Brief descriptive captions
:::::

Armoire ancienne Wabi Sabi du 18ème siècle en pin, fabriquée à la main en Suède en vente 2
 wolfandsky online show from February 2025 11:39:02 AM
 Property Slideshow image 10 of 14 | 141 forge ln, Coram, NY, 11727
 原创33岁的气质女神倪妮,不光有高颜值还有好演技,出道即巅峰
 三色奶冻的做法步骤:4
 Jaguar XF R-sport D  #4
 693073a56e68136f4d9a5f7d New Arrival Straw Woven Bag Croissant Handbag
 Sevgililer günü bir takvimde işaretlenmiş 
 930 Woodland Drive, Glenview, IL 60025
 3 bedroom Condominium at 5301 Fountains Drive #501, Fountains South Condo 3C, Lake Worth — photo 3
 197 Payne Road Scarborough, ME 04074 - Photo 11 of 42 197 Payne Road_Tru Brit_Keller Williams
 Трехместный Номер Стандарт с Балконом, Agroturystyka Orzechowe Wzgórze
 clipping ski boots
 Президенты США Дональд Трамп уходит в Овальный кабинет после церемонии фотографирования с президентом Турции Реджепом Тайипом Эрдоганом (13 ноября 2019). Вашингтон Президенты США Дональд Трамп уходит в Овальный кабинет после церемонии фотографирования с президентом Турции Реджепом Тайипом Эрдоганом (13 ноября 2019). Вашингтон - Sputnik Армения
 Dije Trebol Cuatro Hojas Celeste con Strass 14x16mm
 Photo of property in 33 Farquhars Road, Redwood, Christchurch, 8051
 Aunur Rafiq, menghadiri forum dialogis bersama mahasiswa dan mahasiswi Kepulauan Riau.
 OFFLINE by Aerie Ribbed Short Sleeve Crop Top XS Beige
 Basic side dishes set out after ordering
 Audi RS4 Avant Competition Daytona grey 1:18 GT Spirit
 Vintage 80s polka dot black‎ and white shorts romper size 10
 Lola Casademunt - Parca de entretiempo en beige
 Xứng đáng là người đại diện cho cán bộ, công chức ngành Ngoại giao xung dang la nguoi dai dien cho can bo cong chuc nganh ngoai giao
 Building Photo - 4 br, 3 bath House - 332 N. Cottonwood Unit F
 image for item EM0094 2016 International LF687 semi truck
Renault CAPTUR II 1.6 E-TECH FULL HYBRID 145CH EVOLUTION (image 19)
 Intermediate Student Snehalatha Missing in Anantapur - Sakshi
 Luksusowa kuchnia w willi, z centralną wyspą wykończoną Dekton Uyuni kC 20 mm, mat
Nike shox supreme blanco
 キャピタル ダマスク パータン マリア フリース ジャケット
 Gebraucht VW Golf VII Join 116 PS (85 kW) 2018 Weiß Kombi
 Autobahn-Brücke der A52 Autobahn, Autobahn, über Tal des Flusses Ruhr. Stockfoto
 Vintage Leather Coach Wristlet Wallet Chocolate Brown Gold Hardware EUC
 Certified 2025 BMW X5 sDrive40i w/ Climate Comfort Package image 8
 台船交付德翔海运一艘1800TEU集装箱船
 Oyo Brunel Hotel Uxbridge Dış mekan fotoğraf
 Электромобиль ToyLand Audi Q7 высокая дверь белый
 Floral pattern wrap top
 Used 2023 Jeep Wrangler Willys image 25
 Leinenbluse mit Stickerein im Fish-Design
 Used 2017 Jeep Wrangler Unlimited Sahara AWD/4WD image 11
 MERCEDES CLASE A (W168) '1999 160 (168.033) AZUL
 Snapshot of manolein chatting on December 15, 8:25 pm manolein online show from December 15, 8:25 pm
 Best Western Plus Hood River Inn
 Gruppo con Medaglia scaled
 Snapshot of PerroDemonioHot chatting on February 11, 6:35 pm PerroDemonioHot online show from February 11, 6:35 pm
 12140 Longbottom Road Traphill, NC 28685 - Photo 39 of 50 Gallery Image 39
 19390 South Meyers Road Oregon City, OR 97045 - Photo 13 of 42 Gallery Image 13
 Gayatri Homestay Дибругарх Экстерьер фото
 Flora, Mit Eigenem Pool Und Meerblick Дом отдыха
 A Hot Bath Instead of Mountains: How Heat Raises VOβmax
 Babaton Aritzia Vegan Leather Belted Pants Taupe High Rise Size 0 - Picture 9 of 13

:::::

Work order:
Take the lines above from the one containing "Certified 2025 BMW" to the one containing "MERCEDES CLASE A" and retype them exactly, both ends included, with nothing added.

Response area:
 Certified 2025 BMW X5 sDrive40i w/ Climate Comfort Package image 8
 台船交付德翔海运一艘1800TEU集装箱船
 Oyo Brunel Hotel Uxbridge Dış mekan fotoğraf
 Электромобиль ToyLand Audi Q7 высокая дверь белый
 Floral pattern wrap top
 Used 2023 Jeep Wrangler Willys image 25
 Leinenbluse mit Stickerein im Fish-Design
 Used 2017 Jeep Wrangler Unlimited Sahara AWD/4WD image 11
 MERCEDES CLASE A (W168) '1999 160 (168.033) AZUL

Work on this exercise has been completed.